• [EXERCISE] This exercise calls for a copy of every line in the listing below that carries the word "Dark".

- - -

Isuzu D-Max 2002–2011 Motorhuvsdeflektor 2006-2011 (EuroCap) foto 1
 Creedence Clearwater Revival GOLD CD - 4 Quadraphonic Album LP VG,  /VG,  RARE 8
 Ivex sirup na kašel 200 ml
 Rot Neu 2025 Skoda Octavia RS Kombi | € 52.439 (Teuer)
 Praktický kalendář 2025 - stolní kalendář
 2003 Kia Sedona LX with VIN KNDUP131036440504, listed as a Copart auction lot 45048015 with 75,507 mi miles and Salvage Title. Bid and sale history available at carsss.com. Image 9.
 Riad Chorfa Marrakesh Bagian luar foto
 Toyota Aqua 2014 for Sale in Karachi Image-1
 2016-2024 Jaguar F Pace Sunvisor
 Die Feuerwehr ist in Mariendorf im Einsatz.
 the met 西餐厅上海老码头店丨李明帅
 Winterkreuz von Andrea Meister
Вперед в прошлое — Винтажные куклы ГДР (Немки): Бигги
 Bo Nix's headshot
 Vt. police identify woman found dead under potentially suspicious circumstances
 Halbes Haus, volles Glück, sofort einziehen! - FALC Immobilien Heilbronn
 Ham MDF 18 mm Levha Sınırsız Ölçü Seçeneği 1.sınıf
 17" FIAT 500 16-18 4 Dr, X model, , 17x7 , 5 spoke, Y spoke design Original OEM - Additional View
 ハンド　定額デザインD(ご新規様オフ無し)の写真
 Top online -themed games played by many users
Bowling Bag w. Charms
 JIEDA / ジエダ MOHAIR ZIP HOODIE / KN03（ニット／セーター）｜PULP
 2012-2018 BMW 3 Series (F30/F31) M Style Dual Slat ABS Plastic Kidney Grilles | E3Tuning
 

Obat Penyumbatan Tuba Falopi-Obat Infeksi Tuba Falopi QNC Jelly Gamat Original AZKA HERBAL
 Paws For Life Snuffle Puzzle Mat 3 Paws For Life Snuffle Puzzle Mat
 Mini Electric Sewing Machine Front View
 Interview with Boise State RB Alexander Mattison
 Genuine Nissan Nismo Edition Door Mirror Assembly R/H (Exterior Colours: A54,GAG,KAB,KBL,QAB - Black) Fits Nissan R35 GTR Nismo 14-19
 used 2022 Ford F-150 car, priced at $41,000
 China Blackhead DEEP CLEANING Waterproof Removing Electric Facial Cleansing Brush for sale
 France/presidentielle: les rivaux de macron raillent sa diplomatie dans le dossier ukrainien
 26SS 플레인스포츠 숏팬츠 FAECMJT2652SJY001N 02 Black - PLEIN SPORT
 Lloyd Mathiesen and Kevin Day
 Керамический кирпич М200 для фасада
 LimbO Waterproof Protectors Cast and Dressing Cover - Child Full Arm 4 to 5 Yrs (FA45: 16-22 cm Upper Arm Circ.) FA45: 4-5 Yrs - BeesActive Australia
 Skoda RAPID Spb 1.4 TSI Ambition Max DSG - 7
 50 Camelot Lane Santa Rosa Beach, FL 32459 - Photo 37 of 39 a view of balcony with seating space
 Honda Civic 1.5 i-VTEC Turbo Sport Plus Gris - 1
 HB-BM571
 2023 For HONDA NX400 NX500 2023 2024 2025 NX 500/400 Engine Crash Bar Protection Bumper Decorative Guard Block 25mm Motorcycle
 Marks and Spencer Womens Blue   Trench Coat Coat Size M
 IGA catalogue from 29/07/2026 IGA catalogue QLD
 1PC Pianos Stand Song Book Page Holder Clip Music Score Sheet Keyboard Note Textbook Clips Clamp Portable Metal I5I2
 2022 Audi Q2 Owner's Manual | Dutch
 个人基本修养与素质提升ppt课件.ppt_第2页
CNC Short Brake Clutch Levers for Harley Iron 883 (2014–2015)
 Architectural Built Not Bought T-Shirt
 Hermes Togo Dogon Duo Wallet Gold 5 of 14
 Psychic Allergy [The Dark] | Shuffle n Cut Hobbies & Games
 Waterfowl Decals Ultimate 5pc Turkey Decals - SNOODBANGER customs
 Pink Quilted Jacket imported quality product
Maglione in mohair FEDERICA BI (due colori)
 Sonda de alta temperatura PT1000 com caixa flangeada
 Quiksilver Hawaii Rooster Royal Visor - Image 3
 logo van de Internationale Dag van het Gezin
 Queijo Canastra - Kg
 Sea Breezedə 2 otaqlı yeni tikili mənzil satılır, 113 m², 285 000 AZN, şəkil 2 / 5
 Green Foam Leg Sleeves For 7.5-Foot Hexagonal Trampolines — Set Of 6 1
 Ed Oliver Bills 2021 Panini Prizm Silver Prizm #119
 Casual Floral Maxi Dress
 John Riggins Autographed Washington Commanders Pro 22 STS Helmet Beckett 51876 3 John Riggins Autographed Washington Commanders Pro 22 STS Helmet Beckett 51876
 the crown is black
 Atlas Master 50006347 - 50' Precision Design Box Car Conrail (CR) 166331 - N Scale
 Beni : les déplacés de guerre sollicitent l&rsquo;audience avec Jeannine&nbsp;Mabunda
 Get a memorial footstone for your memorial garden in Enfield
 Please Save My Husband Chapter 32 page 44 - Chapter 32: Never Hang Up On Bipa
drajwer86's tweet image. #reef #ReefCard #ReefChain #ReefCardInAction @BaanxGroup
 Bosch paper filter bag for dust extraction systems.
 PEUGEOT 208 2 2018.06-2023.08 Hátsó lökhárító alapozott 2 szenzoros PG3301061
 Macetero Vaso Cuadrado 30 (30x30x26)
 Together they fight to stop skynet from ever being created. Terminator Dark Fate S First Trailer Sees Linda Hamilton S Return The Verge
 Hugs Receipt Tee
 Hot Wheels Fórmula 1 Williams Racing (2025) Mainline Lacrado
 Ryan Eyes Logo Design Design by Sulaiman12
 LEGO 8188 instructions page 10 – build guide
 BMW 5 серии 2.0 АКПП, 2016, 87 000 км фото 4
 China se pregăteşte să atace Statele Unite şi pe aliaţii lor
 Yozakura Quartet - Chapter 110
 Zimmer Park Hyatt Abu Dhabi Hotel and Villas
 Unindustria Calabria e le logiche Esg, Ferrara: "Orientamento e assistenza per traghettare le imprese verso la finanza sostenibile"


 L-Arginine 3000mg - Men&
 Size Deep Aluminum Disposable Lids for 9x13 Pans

- - -

• [SOLUTION FOR THIS EXERCISE]
 Psychic Allergy [The Dark] | Shuffle n Cut Hobbies & Games
 Together they fight to stop skynet from ever being created. Terminator Dark Fate S First Trailer Sees Linda Hamilton S Return The Verge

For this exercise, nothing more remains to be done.